HONOLULU (AP) — Hawaii’s governor has defended the performance of two of the state’s top heath officials overseeing the coronavirus response, saying they retain his support despite recent criticism from the lieutenant governor and others.
Democratic Gov. David Ige said he has confidence in state Department of Health Director Bruce Anderson and State Epidemiologist Sarah Park, Hawaii Public Radio reported Wednesday.
“We’ve had a team from the Department of Health that has been actively engaged with federal and county partners, really dealing with this COVID pandemic that we are all experiencing for the first time,” Ige said Tuesday.
Ige said he and the health department leaders are focused on data collection and public health guidance and have implemented restrictions in response to the state’s coronavirus situation, including a recent increase in the number of infections.
“We have seen in recent weeks a rapid surge in the number of cases and I have directed the department to accelerate the hiring and expansion of more contact tracers in order to meet the surge,” Ige said.
Lt. Gov. Josh Green called for Park to be removed from management of the contact tracing effort.
Park told a state Senate committee last week that the health department has 105 active contact tracers and is adding more. Green said he wants to employ 400 to 500 contact tracers, while estimating the state needs hundreds beyond that.
Park’s testimony prompted senators to pay a surprise visit to the health department the next day. Some of the legislators described contact tracers working long hours in cramped quarters and handling caseloads beyond their capacity, prioritizing some cases and leaving others aside.

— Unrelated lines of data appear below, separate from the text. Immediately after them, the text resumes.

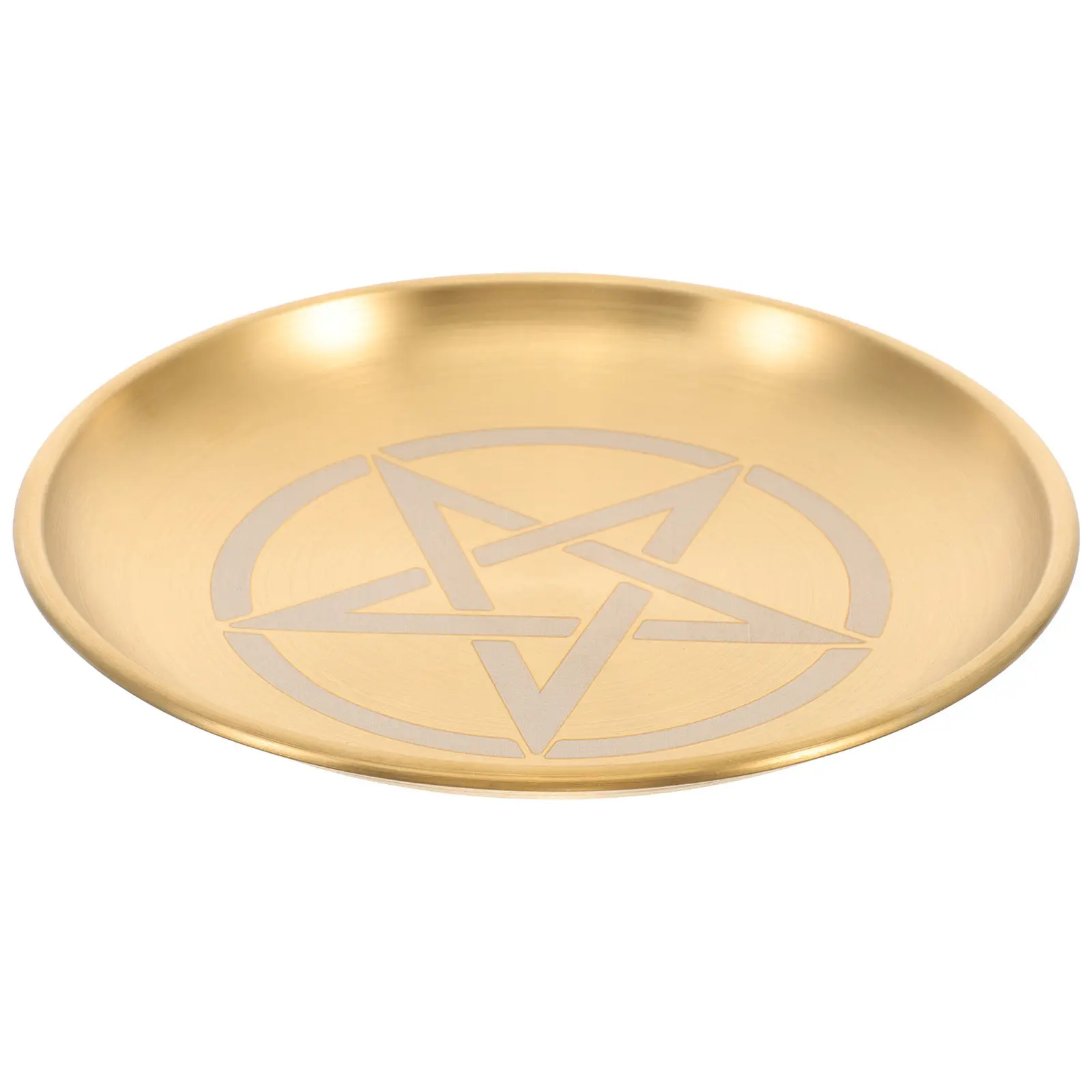 Stainless Steel Pentagram Altar Plate Round Ritual Tray Elegant Design for Family Sacrifices Temple Office Home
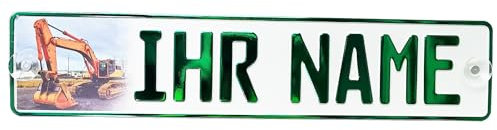 LKW Truck Fahrerschild Schild Namensschild mit FOTO + Name oder Text Funschild Fun Schild Wunschtext AUTO Trucker Grün Metalic, Geburtstag Geschenk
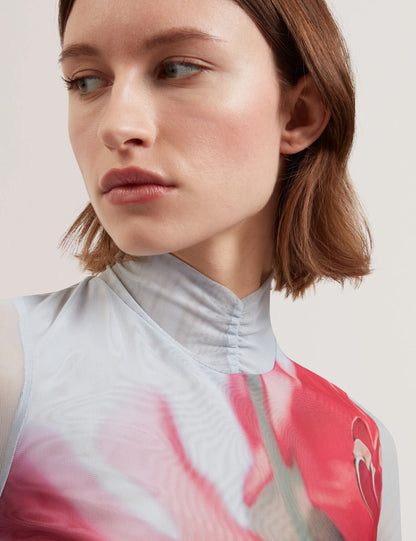 Ted Baker PIPYA - Floral High Neck Long Sleeve Mesh Top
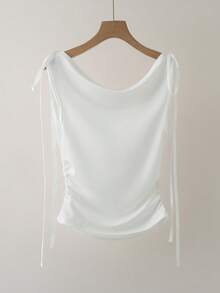 GlowEve Women's White Milk Silk Fabric Boat Neck Off Shoulder Sleeveless Ribbon Bow Design Waist Cinching Sexy Outfit, Birthday Gift, Date, Party, Workplace High-Vibe Outfit, Teacher Outfit, School Girl Style, Spring Top, Shirt, Summer Top, Shirt, Summer Vest, Spring Summer New Essential Fashion Niche Design Versatile Sleeveless Waist Cinching Vest - White - View 2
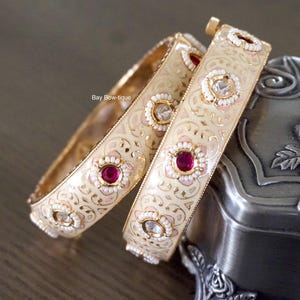 Kundan Meenakari Bangles With Rose Gold Plating, Kundan kada, Meenakari kada, Ruby kada, Openable kada, Openable bangles, Rose gold bangles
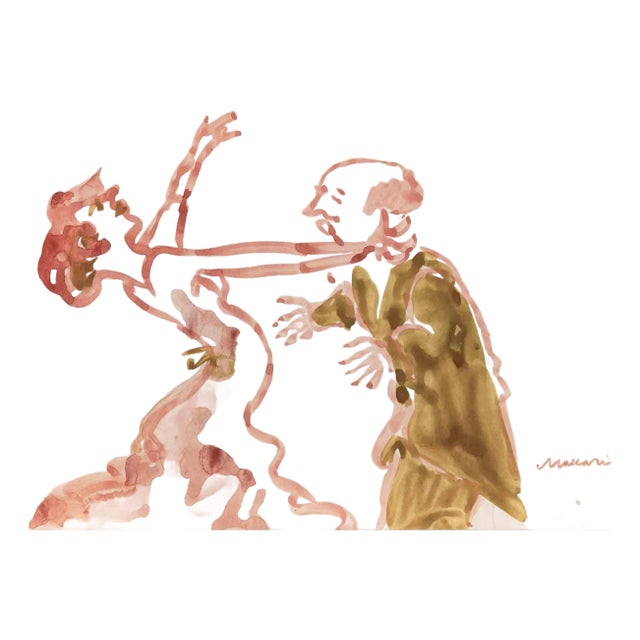 Mino Maccari, The Wild Dance, Drawing on Paper, 1950s For Sale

U.S. Rep. Tulsi Gabbard, a Democrat, called on Anderson and Park to resign in April for what she described as a weak response to the pandemic.

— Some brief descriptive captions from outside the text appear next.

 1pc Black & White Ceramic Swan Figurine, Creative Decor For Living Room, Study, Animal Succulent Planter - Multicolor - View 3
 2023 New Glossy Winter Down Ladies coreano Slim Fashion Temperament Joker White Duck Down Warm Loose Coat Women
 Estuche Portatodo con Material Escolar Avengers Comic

She renewed her criticism this week. There is “no excuse” not to use congressional funding to employ all available contact tracers and use Hawaii National Guard personnel to assist, Gabbard said in a statement.
The number of infections is thought to be far higher because many people have not been tested, and studies suggest people can be infected with the virus without feeling sick.
For most people, the coronavirus causes mild or moderate symptoms, such as fever and cough that clear up in two to three weeks. For some — especially older adults and people with existing health problems — it can cause more severe illness, including pneumonia, and death.